Overview of Concurrency Control and Recovery in Distributed Databases
For concurrency control and recovery purposes, numerous problems arise in a distributed DBMS environment that are not encountered in a centralized DBMS environment. These include the following:
Dealing with multiple copies of the data items. The concurrency control method is responsible for maintaining consistency among these copies. The recovery method is responsible for making a copy consistent with other copies if the site on which the copy is stored fails and recovers later.
Failure of individual sites. The DDBMS should continue to operate with its running sites, if possible, when one or more individual sites fail. When a site recovers, its local database must be brought up-to-date with the rest of the sites before it rejoins the system.
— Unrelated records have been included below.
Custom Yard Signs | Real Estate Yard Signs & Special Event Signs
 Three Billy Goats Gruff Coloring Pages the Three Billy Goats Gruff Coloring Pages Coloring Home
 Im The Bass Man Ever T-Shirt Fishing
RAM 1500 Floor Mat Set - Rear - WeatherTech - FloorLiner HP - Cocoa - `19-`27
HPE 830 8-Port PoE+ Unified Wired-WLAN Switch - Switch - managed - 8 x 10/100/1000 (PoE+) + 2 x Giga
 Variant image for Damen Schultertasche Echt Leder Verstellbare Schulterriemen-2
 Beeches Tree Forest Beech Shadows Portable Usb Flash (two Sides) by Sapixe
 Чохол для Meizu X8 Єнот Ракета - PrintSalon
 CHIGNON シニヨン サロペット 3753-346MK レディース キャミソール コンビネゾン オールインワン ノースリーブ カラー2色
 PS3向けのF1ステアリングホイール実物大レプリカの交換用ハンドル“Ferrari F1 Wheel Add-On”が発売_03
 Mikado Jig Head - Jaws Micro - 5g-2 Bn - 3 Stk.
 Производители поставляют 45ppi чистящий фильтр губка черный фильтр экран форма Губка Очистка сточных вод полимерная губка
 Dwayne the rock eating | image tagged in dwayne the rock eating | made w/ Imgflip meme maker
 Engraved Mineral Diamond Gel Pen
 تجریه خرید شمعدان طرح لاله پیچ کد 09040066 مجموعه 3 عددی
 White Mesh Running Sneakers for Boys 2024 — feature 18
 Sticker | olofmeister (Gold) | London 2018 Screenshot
Failure of communication links. The system must be able to deal with the failure of one or more of the communication links that connect the sites. An extreme case of this problem is that network partitioning may occur. This breaks up the sites into two or more partitions, where the sites within each partition can communicate only with one another and not with sites in other partitions.
Distributed commit. Problems can arise with committing a transaction that is accessing databases stored on multiple sites if some sites fail during the commit process. The two-phase commit protocol (see Section 23.6) is often used to deal with this problem.
Distributed deadlock. Deadlock may occur among several sites, so techniques for dealing with deadlocks must be extended to take this into account.
Distributed concurrency control and recovery techniques must deal with these and other problems. In the following subsections, we review some of the techniques that have been suggested to deal with recovery and concurrency control in DDBMSs.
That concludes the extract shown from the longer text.